Prestasi Inggris dalam turnamen sepakbola Internasional pun terhitung medioker. Padahal Tim Nasional Inggris selalu diperkuat nama-nama besar seperti Wayne Rooney, Steven Gerard, Frank Lampard, hingga John Terry.
Di tiap turnamennya para pendukung Inggris, selalu dibuat garuk-garuk kepala dengan permainan Inggris. Dalam satu pertandingan Inggris bisa sangat digdaya, namun di pertandingan berikutnya seperti tim debutan. Belum lagi dengan blunder-blunder yang secara konsisten dilakukan, seperti David Seaman di Piala Dunia 2002, atau Joe Hart di Euro 2016 lalu dan jangan lupakan blunder Robert Green di 2010 lalu.
Menyambut Piala Dunia 2018 ini, banyak keraguan turut membayangi langkah Inggris berlaga. Selain dipanggilnya Danny Welbeck untuk berangkat ke Rusia, sang Manajer, Gareth Southgate, juga dianggap belum layak memimpin Inggris di Piala Dunia. Padahal, sejak 2016 setelah menggantikan Sam Allardyce, Southgate sukses tanpa halangan membawa Inggris ke Piala Dunia. Rekor Inggris di bawah Southgate pun cukup impresif. Dari 20 partai, Southgate mencatatkan 12 kemenangan, 6 kali imbang, dan hanya 2 kali kalah.
Gareth Southgate, Dia yang Menyatukan Skuat Inggris
Southgate sejatinya dipromosikan untuk menangani Inggris setelah catatan mengesankannya bersama Inggris U-21. Total rasio kemenangan Southgate dari 33 pertandingan bersama Inggris U-21 mencapai 80%. Namun di balik prestasi tersebut, noda besar ditorehkan Southgate setelah membawa Inggris U-21 menjadi juru kunci di Piala Euro U-21, 2015 lalu.
Menangani tim senior Inggris, tekanan langsung diterima Southgate.
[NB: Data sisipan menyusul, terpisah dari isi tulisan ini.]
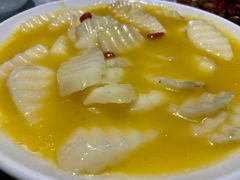 -锦庐道地川菜(来福士店)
Karier manajerial Southgate yang masih minim, dianggap belum pantas menangani Inggris. Pria berusia 47 tahun ini dengan tenang menjawab semua kritikan yang hadir kepadanya, dengan membawa Inggris mencatatkan hasil yang cukup impresif di babak kualifikasi Piala Dunia.
Sebanyak 8 kemenangan, 2 kali hasil seri dan tanpa menelan satupun kekalahan, membawa Inggris melenggang mulus ke Piala Dunia. Tekanan tidak berhenti bagi Southgate. Pergantian kursi Manajer Inggris sempat berhembus menjelang Piala Dunia. Namun FA tetap mempercayai Southgate di Piala Dunia.
Apa yang dilakukan Southgate bersama Inggris sejatinya cukup sederhana. Jermain Defoe menjelaskan bagaimana kecerdasan Southgate dalam menyusun skuat. “Pertama kali saya datang dalam skuat di bawah Southgate, semua langsung menyatu. Terdapat banyak pemain dari Manchester United, dari Chelsea, tapi ketika semua bermain untuk Inggris, tidak ada yang membahas tentang klub, semua menjadi satu tim, arahan dari Southgate yang membuatnya seperti itu,” tutur Defoe di Sky Sports.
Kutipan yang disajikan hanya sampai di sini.